■ **The task**: Take each line of the material that includes "High" and copy it.

^^^^^^^^^^^^^^^^

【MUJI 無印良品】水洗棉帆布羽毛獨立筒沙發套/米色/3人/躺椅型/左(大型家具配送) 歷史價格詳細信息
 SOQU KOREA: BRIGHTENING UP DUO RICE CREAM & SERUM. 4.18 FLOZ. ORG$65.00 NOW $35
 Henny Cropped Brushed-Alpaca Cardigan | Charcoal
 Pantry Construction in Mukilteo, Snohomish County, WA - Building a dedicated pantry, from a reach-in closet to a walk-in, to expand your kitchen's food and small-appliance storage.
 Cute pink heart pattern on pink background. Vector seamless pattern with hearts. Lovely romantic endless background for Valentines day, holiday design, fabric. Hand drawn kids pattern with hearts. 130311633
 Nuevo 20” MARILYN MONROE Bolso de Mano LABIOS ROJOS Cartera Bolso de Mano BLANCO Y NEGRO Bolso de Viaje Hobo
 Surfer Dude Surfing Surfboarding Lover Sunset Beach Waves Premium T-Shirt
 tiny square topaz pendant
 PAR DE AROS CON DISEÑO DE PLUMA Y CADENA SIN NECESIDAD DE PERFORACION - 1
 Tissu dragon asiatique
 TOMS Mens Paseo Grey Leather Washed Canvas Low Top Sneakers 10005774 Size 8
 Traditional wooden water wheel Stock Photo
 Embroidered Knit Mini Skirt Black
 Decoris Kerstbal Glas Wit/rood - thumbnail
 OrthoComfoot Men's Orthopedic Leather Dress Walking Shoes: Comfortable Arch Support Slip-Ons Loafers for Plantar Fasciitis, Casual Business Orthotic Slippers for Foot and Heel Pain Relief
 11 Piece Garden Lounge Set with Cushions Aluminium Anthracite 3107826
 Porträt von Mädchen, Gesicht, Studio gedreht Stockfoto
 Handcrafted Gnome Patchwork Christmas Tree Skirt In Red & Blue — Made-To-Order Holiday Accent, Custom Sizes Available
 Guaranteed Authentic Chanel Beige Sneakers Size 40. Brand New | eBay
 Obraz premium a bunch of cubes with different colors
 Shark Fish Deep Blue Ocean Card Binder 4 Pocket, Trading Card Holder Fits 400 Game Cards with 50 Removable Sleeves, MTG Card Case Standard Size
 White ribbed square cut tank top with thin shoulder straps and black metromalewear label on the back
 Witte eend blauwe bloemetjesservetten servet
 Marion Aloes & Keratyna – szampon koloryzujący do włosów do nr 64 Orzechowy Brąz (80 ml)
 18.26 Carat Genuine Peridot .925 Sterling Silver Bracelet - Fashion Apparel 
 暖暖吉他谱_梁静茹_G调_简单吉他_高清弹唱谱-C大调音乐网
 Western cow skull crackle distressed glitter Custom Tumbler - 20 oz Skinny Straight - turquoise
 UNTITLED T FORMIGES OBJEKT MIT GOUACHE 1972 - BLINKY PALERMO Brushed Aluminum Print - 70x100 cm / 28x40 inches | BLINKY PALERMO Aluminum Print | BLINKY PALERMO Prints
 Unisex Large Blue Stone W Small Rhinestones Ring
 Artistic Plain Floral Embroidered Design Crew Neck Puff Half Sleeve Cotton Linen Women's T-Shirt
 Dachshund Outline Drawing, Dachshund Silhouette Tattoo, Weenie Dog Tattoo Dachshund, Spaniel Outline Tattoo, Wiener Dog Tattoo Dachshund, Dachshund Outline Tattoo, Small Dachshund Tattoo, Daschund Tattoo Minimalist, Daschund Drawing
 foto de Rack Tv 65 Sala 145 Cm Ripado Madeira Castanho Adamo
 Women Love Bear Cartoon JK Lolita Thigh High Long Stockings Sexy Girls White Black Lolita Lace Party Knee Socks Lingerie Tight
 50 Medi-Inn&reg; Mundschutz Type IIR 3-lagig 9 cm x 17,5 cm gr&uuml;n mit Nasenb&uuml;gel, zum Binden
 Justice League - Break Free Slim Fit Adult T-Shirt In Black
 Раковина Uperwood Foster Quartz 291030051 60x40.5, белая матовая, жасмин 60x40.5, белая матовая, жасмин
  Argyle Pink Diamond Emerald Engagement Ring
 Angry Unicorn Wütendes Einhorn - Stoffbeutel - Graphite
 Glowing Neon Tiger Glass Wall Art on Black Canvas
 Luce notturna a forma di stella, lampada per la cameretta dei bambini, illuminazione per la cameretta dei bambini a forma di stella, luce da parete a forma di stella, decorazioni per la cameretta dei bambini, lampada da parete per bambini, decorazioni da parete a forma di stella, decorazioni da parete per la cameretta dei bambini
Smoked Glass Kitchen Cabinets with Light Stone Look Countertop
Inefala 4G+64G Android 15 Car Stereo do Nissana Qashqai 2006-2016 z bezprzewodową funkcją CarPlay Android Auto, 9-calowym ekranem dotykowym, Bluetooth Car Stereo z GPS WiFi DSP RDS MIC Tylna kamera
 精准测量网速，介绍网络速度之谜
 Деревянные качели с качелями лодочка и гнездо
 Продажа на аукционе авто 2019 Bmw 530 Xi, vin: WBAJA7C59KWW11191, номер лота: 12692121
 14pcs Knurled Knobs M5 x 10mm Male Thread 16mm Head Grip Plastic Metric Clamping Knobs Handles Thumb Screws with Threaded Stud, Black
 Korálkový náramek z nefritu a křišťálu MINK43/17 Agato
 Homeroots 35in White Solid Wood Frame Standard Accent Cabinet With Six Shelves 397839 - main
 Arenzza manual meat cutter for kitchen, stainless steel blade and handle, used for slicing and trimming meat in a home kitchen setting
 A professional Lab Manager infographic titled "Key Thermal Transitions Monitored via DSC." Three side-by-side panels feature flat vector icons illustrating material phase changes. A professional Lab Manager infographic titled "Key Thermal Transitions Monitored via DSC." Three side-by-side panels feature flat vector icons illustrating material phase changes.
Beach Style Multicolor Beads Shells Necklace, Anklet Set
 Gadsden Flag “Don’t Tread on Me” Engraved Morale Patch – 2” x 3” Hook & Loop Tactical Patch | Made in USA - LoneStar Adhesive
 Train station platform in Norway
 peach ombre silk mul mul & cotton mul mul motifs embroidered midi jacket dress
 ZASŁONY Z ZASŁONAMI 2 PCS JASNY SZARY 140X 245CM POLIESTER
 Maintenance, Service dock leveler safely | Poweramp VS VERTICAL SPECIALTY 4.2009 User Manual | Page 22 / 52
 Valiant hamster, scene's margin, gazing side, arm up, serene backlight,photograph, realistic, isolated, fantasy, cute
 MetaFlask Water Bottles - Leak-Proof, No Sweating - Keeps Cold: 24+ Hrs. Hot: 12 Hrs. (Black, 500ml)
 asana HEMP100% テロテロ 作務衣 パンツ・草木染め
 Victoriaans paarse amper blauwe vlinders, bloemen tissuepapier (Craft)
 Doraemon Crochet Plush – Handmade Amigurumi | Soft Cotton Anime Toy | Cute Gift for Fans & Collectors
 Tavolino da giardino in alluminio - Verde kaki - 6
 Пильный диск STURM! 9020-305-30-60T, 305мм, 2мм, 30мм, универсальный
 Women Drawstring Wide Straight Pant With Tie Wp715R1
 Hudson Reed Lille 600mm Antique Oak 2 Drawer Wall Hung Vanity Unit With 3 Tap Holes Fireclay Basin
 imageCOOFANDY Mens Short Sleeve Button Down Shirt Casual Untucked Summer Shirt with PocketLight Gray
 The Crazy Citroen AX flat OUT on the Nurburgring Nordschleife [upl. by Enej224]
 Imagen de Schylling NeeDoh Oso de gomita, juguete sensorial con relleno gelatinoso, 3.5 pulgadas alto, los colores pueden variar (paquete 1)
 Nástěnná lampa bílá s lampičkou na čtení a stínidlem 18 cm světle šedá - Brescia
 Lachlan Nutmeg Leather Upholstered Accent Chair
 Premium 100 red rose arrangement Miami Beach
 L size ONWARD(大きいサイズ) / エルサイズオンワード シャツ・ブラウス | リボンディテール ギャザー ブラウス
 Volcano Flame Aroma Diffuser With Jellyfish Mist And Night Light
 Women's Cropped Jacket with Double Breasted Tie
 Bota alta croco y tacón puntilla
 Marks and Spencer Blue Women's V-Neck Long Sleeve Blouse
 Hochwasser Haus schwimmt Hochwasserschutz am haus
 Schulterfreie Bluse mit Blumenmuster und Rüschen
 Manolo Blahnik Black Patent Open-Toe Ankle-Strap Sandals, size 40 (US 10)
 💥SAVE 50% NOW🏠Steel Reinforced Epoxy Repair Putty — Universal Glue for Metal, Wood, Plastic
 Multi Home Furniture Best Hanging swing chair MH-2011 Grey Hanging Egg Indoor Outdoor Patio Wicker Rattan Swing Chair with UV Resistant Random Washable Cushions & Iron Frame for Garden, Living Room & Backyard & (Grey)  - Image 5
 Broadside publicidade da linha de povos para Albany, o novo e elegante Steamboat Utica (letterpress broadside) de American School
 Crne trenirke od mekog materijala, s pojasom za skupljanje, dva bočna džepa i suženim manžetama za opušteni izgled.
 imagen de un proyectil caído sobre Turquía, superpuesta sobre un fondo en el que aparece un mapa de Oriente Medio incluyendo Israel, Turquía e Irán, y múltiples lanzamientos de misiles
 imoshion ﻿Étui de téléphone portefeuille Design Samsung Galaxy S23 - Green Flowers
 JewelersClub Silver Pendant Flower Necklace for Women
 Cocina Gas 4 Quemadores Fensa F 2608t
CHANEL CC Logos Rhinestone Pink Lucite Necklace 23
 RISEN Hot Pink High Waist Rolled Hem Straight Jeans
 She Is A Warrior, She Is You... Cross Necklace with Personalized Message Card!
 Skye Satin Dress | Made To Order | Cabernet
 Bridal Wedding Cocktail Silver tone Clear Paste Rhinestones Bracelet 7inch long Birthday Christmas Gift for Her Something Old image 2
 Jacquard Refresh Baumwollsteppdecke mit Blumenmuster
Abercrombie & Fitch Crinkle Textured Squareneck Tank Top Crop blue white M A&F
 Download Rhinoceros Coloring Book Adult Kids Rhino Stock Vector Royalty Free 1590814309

^^^^^^^^^^^^^^^^

■ **Problem solution**:
 Women Love Bear Cartoon JK Lolita Thigh High Long Stockings Sexy Girls White Black Lolita Lace Party Knee Socks Lingerie Tight
 RISEN Hot Pink High Waist Rolled Hem Straight Jeans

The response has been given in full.